Энни убежала и поклялась, что покончит с собой, если ее попытаются вернуть обратно. Тогда ее послали в детский дом для трудных детей. К десяти годам Энни стало абсолютно ясно, что она никому не нужна. Через год она начала воровать. Все работники социальных служб и приемные родители с малых лет вбивали ей в голову, что она дочь воровки, и она решила, что ее святая обязанность — продолжить семейную традицию.
Она воровала, но больше врала о своих подвигах. И занималась этим не столько по нужде, сколько из принципа — ведь у нее украли все, что ей было дорого. К тринадцати годам она уже три раза попадала под арест и была на пути к тому, чтобы пойти по материнским стопам.
У нее были белокурые волосы, хорошенькое личико и ангельские голубые глаза, и лучшей ее уловкой было изображать испуганного ребенка из хорошей семьи, который случайно заблудился в городе. Она за версту узнавала сердобольных простаков, которые за пару улыбок сквозь слезы бежали покупать ей еду и одежду, кормили ее мороженым и давали денег на такси или автобус, чтобы добраться «домой». Когда она вытягивала из них все, что можно, то исчезала. Обычно вместе с их бумажниками.
Все было прекрасно, пока она не попробовала свою забаву на Чарли Джеферсоне, в то время студенте колледжа, который на поверку оказался не столь мягкий, как казалось вначале. Энни к тому времени исполнилось уже четырнадцать, но она была мала ростом для своих лет. И прятала грудь под мешковатой рубашкой, чтобы сойти за десятилетнюю.
Чарли по первой же ее просьбе дал ей пятидолларовый банкнот, но она мельком заметила, что бумажник у него довольно тугой. Она отвлекла Чарли — точнее, думала, что отвлекла, — и потянулась за бумажником, но он оказался проворнее, схватил ее за руку, и все ее дерганья, брыкания и вопли «Грабят! Насилуют! Убивают!» не производили на него никакого впечатления вплоть до прихода полиции. А потом, к ее крайнему изумлению, он заявил полицейским, что она — его младшая сестра, которая вздумала бежать в какую-то банановую республику, и что он ведет ее домой. Может, потому, что дежурный офицер не знал ее, а может быть, потому, что и у нее, и у Чарли был невиннейший вид, их обоих отпустили. Чарли, чья хватка не ослабевала ни на минуту, потащил ее к своей машине.
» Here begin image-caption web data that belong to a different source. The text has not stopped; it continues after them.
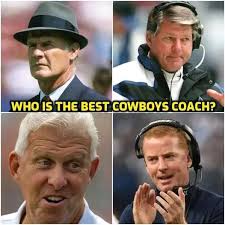 Legendary Coaches of the Dallas Cowboys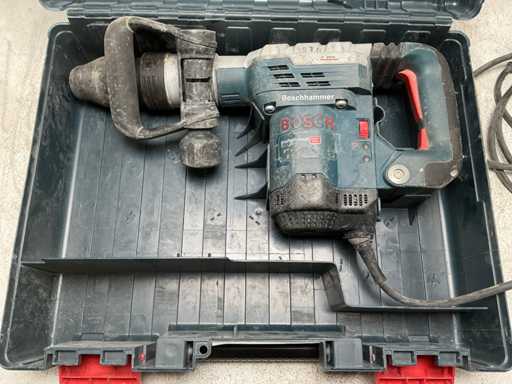 2018 Bosch GSH 5 CE Breaker Hammer 6kg SDS-max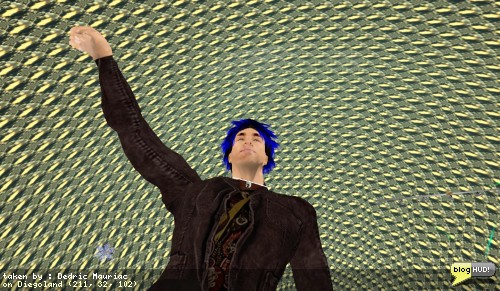 Tuna Oddfellow Playing the tunes again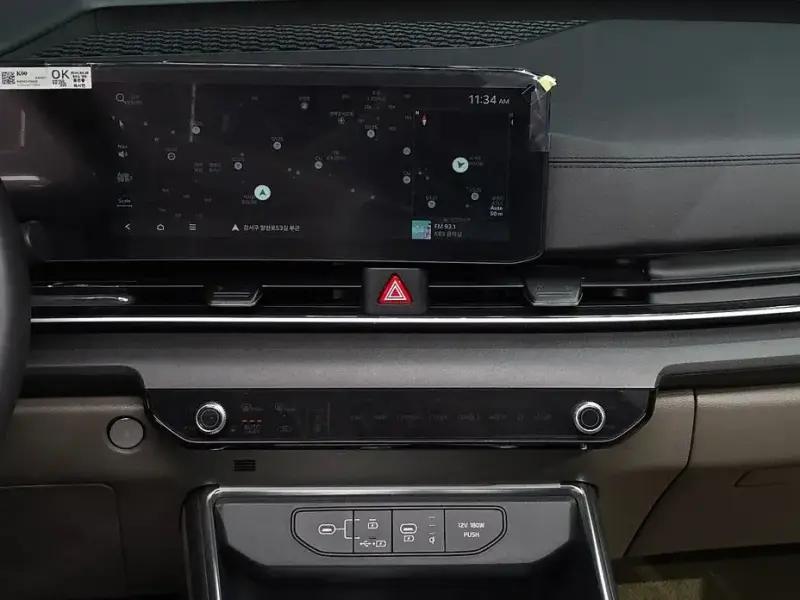 2024 Kia Carnival с пробегом 25 651 км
— Изнасилователь малолетних! — упираясь, вопила она.
— Я — студент колледжа, — невозмутимо парировал он, — а вот мои родители действительно изнасилователи малолетних. Они коллекционируют таких неисправимых щенков, как ты.
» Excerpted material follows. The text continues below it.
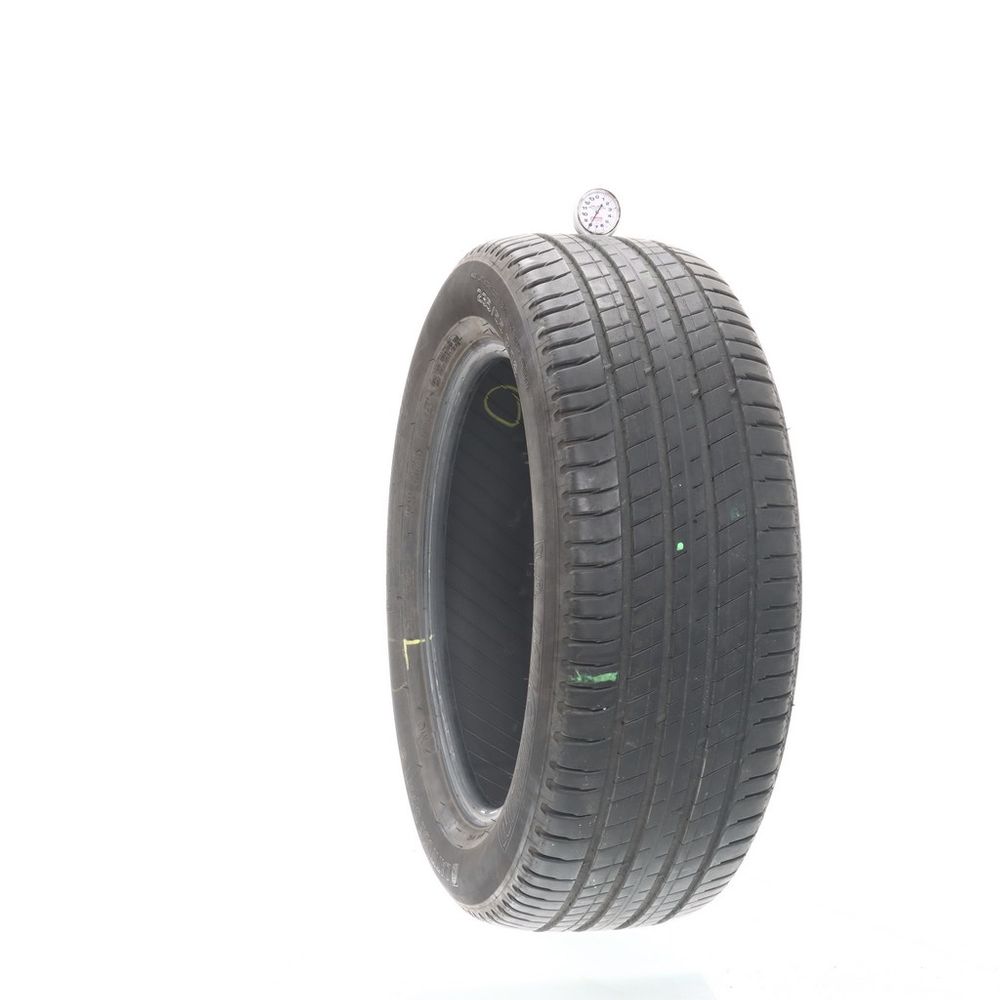 Used 235/55R18 Michelin Latitude Sport 3 MO 100W - 8/32 - Image 1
Оказалось, что его родители преподают в экспериментальной школе для трудных подростков. Там делали упор на индивидуальный подход, а не на дисциплину, и Энни первым делом предложили посещать занятия по греческой и римской мифологии. Но даже после этого Энни продолжала демонстрировать свой строптивый нрав, и Джеферсонам потребовалось несколько месяцев, чтобы завоевать ее сердце и убедить, что она все же кому-то нужна.
Она редко встречалась с Чарли, который в то время поехал изучать архитектуру, но не забыла, что он сделал для нее. Она была уже красивой восемнадцатилетней девушкой, когда он на все лето приехал домой. И вновь то провидение, которое свело их несколько лет назад, дало о себе знать.
Сначала казалось, что из их отношений ничего не получится. Пытаясь освоиться в социальном круге Джеферсонов, Энни почувствовала себя безнадежно отсталой и отверженной. Хотя в общих чертах она научилась себя хорошо вести, но тонкости светского этикета — о чем говорить, как обращаться, как правильно использовать столовые приборы, как одеваться, как поддерживать вежливую беседу, как себя держать в различных ситуациях — все это не давалось ей. «Я никогда не буду достойна тебя», — говорила она Чарли, а он только смеялся в ответ и убеждал, что научит ее всему, чему нужно.